Erik Loomis summed it up with the case of North Carolina:
No more of these trade deals. They are great for the big money donors but not for the majority of voters.
Christopher says
…which it stands to reason creates jobs in those areas and otherwise stimulates our economy. This is hardly one sided and from what I can tell more than satisfies the greatest good for the greatest number test.
jconway says
According to a pollster on Here and Now. In the 2004-2014 period. Not that any of it is his fault, but it went from 55-51%. That may not look like a big decline, but 4% can swing an election. Bridgewater had more young people registering as Republican this afternoon than any of the other parties. That’s troubling to me.
Christopher says
…but I can think of a lot of causes other than trade during those years. Was there a big registration drive in Bridgewater today? I think that part of the state tends to be a little redder anyway. At some point I’m not sure what to say against the “logic” that says if you don’t like the way things are go with the guys most responsible for getting us here. The economy has consistently done better under Dem Presidents than GOPers. Obama’s and the first Clinton’s economies were better than either Bush’s.
HR's Kevin says
What is the middle class exactly? And what are those numbers? What declined?
SomervilleTom says
One definition is the 2nd, 3rd, and 4th quintiles of the wealth distribution.

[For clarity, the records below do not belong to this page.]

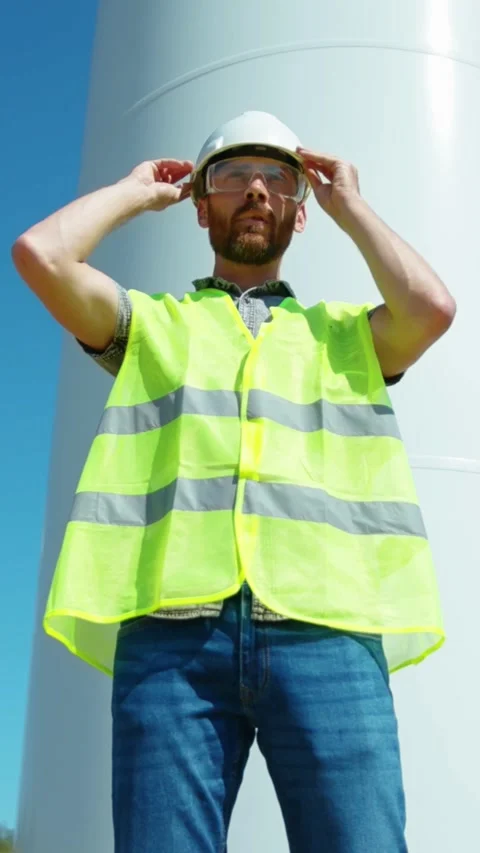 Skilled Worker at a Wind Turbine Site, dedicated to safety and efficiency in Stock Footage 314206540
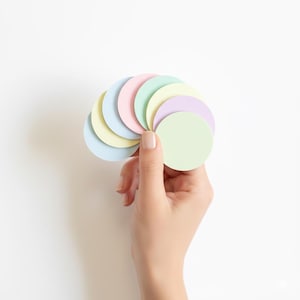 May include: A hand holds a fan of pastel-colored, circular paper cutouts against a white background. The colors include light blue, yellow, pink, green, and lavender. The paper circles are arranged in a semi-circular pattern.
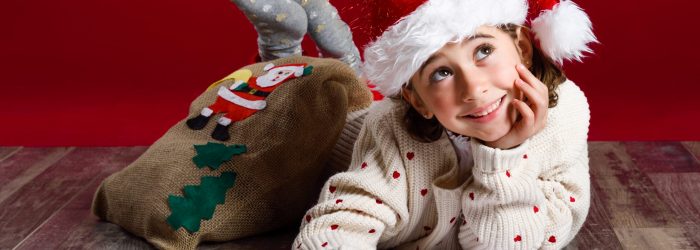 Adorable little girl wearing santa hat writing Santa letter on wooden floor. Winter clothes for Christmas.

The boundaries are well-defined: the boundary between the 1st and 2nd quintile is the wealth at which exactly twenty percent of the population fall below it. The parallel boundary, between the 4th and 5th quintile, is the wealth at which 20% exactly twenty percent of the population falls above it. The “middle class” is the population between those two thresholds.
Here’s an interesting exercise. Consider a population of ten people and total wealth of $1M. One of those ten (let’s call him “Ralph”) has $991,000.
The other nine people have $1,000 each.
Each quintile in this example has exactly 2 people in it. The top quintile, including Ralph, has $992,000. The other four collapse — there is no “middle class” in this example. The distribution among everyone except Ralph can be manipulated however we like, it’s not going to change anything.
In a similar way, we have destroyed the middle class by creating a wealth concentration where the top quintile has so much of the wealth that the other divisions just don’t matter very much (less extreme than my example, but the principle is the same).
Regarding your last question — “What declined”? — the best explanation I know was laid out very persuasively by Elizabeth Warren at a Jefferson Lecture (at UC Berkeley) in 2007.
It really IS vital to understand what happened — how the middle class was destroyed.
In 2007, Ms. Warren called it “The coming collapse of the middle class”. Today, ten years later, it has arrived.
Her key metric (~26:00 – 27:10) is fixed expenses as a share of income:
In the remainder of this marvelous piece, Ms. Warren explains in concrete terms what this means.
HR's Kevin says
I am not questioning that there have been declines but I really just wanted to know exactly what was being claimed by the pollster in question. It is hard to know how to quantify how such declines will affect the electorate when the people affected and the nature of the decline has not been specified.
kbusch says
Economic theory, in general, concludes that free trade is better than protectionism: it causes more activity and lowers the costs of goods. Protecting, say, American clothing manufacturers with rules or tariffs means everyone, rich and poor, pays more for clothing.
The downside in the U.S. is that we have an anemic welfare state. So when the global economy throws a ton of American workers out of their jobs, nothing catches them, retrains them, and readies them for a different line of work. As a result, the economic churn induced by free trade causes excessive hardship. (Remember though, free trade is not the only thing that induces economic churn.)
That, and the undue political power of those with wealth means that the rules that get baked into trade agreements benefit the 0.1% unfairly.